-- Records supplied follows --

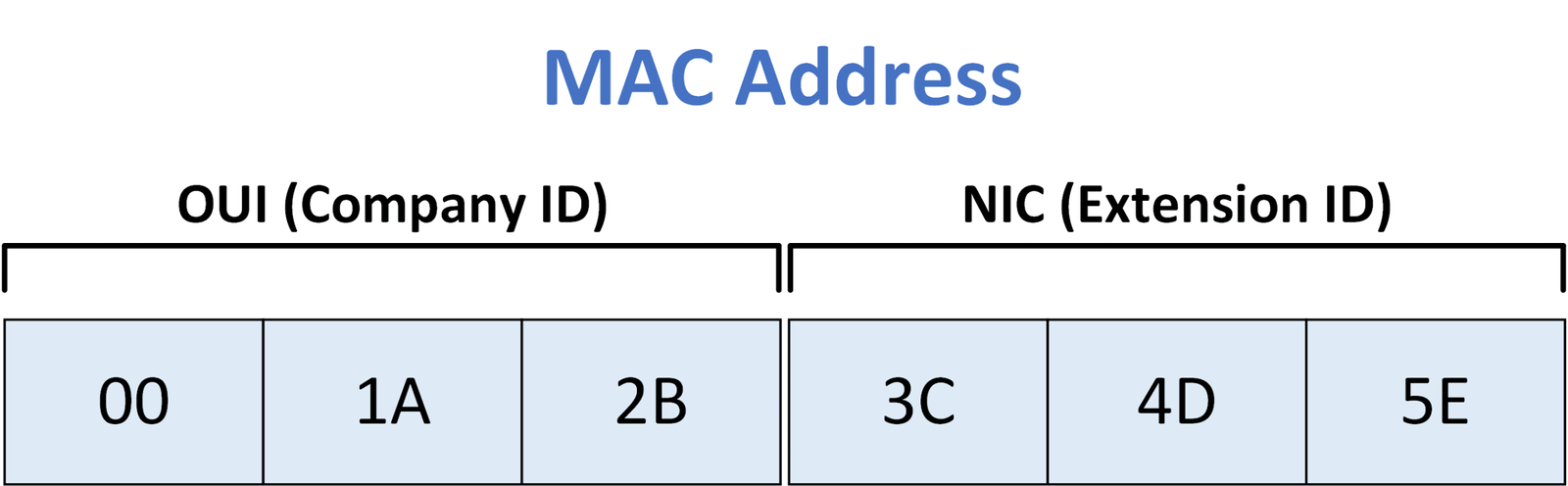 Illustration of a 48‑bit MAC address divided into a 24‑bit OUI (company identifier) and a 24‑bit NIC extension identifier.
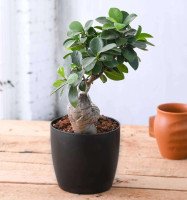 Ficus Bonsai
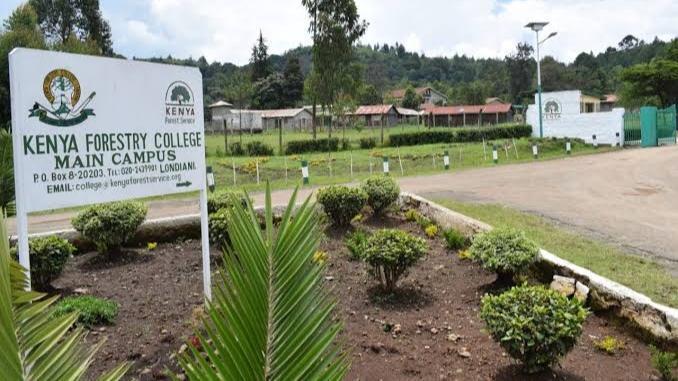 File image of the Kenya Forestry College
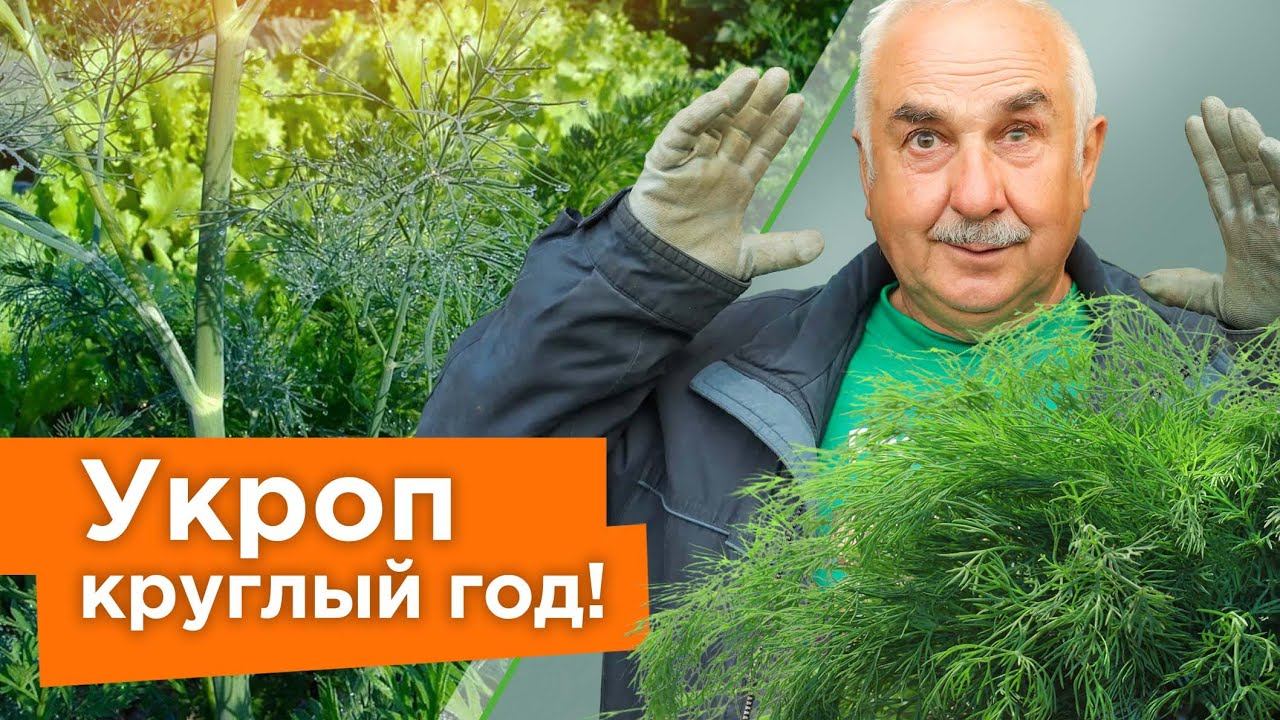 УКРОП ВЗОЙДЕТ ЩЕТКОЙ! Посейте так укроп, и быстрые всходы гарантированы! смотреть онлайн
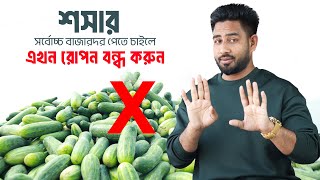 রমজান টার্গেট করে শসা চাষ করতে চান ? বীজ বোনার সেরা সময় জেনে নিন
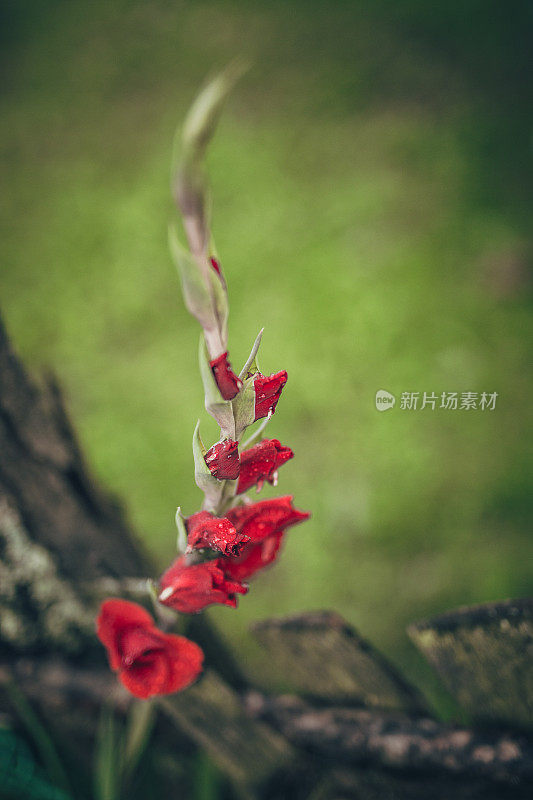 花，木栅栏的背景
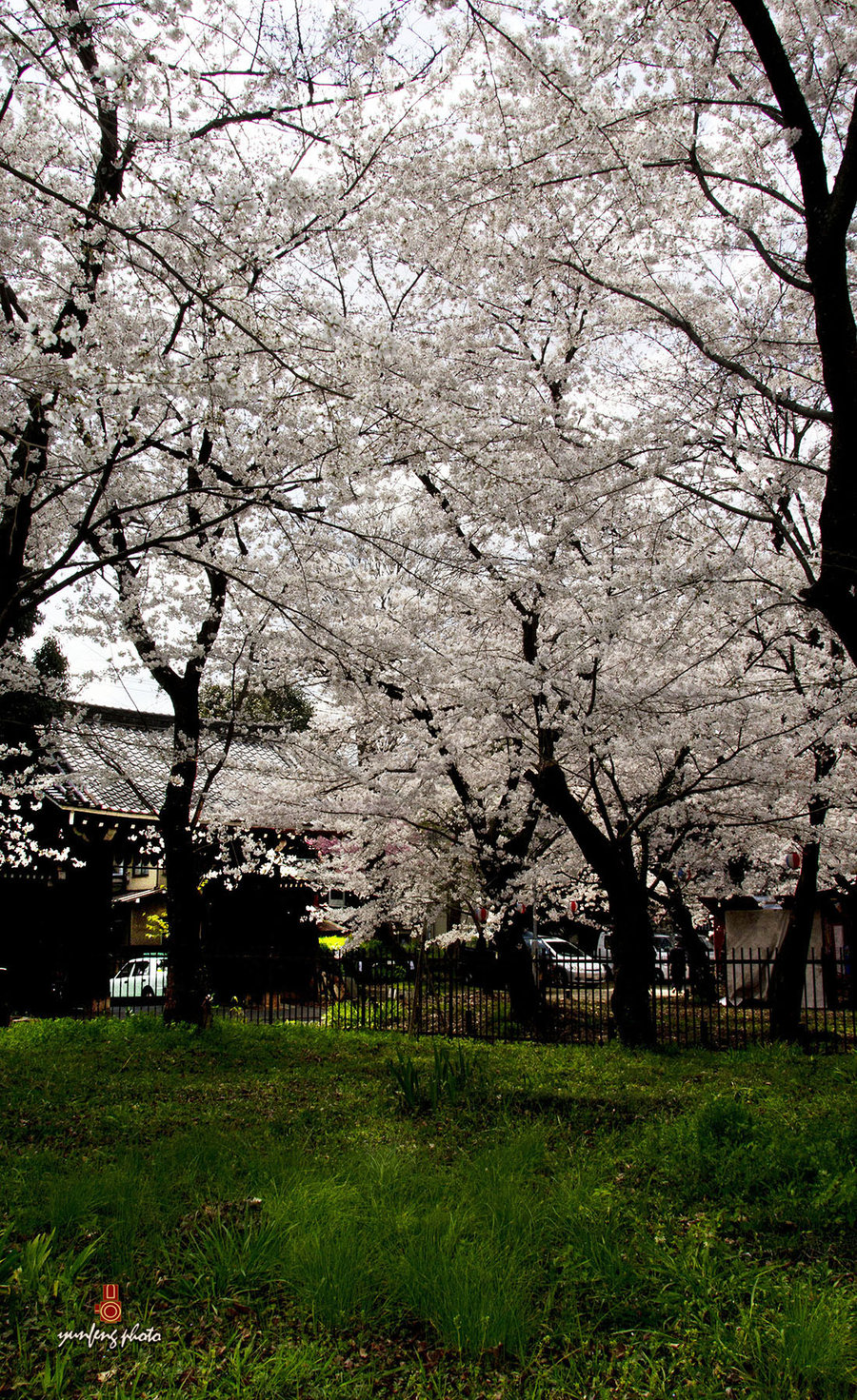 在那樱花盛开的地方—平野神社 (/)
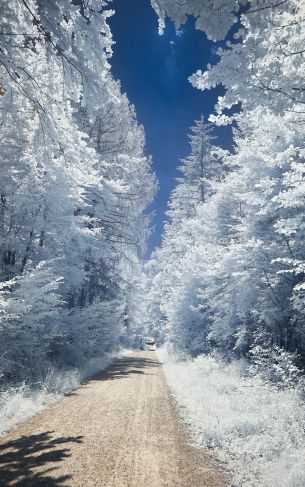 winter, road, white Wallpaper 1752x2800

-- Records supplied concluded --

### Exercise requirements
Print out all the material word for word but exclude any images.

### Task response
 Illustration of a 48‑bit MAC address divided into a 24‑bit OUI (company identifier) and a 24‑bit NIC extension identifier.
 Ficus Bonsai
 File image of the Kenya Forestry College
 УКРОП ВЗОЙДЕТ ЩЕТКОЙ! Посейте так укроп, и быстрые всходы гарантированы! смотреть онлайн
 রমজান টার্গেট করে শসা চাষ করতে চান ? বীজ বোনার সেরা সময় জেনে নিন
 花，木栅栏的背景
 在那樱花盛开的地方—平野神社 (/)
 winter, road, white Wallpaper 1752x2800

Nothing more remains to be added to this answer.